2016-06-10 Thread Hugo Slabbert

On Fri 2016-Jun-10 12:32:20 -0600, Tim Starr  wrote:


I am not saying this is a good idea, but it sounds to me like what would
fit the bill here would be a new folder for each user called "Bounced" in
which they would see all messages sent to their email address but which
were bounced by their mailbox provider. However, that would defeat the
purpose of preventing sufficiently malicious email from wasting mailbox
provider resources, and would seem to be largely redundant with the
purposes of having a quarantine folder.
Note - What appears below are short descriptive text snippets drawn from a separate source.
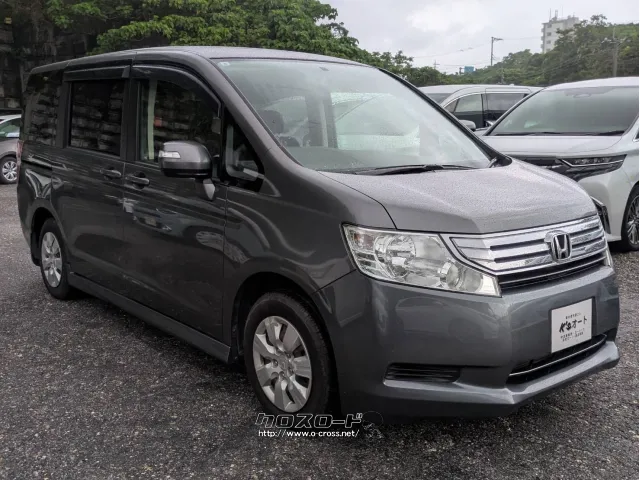 ホンダ ステップワゴン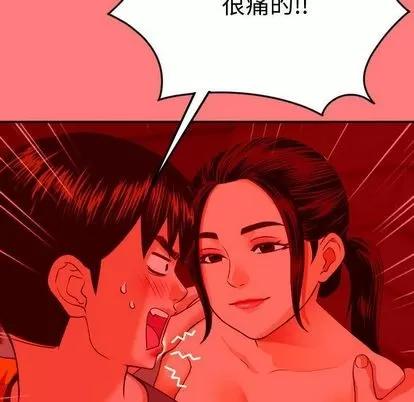 学姐的那些事 与学姐的那些事 | 第10章 第107页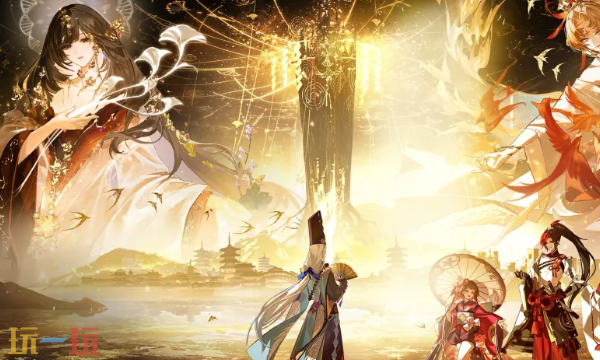 阴阳师电脑版怎么下 阴阳师电脑版最新正版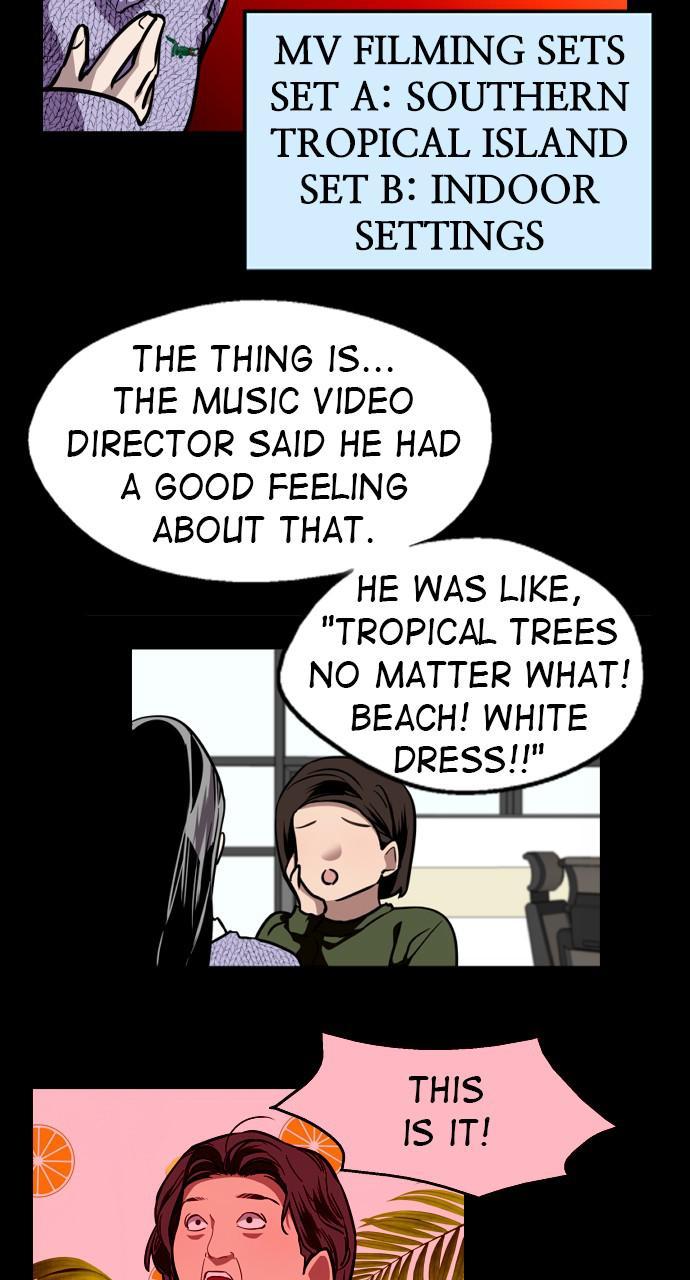 Lee Doona! chapter 126 - page 13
It would allow for users to report
undesired bounces to the mailbox provider, though.


That doesn't really seem helpful to me.  If you've actually rejected the 
message and communicated that to the sending MTA, it's no longer your 
problem.  The sender can take up the issue of deliverability as you've 
given them sufficient information to do that.  We're dealing with the 
in-between zone where a message has not been rejected at SMTP time, but 
it's still spammy.  The Junk folder is the means to catch FPs and for the 
user to report those to their mailbox provider.  The problem is that 
silently discarding things after issuing a 25x removes that avenue from the 
user and the message vanishes into /dev/null.


Honestly I would love to hear how other large mail hosts handle this.  The 
reasoning for discards after 25x have boiled down to "we operate at a scale 
you can only imagine; it doesn't work that way" plus some layer >=8 issues.  
That said, in this admittedly small sample group, I've seen this complaint 
leveled against Hotmail and the related services multiple times, but not 
against other large mailbox houses.


Does Gmail & Google Apps do the same?  What about the large filtering 
services?  I and many others on this list do not operate at nearly the 
scale of the MS services, but some other orgs *do*.  Are we just not 
hearing about similar behaviour at those orgs?


I think everyone gets that the preferred behaviour is to reject at SMTP 
time, that it gets difficult/impossible to do the more tests you try and 
stuff into the filtering decision making, and that we don't want 
backscatter.  But what options are there for working within those 
parameters while still honouring that a 25x response means that the user 
will have *some* indication of the message arriving, be that in their 
inbox, junk folder, or even just a report page/link of "these things were 
so horrible we did not even bother putting them in your spam folder"?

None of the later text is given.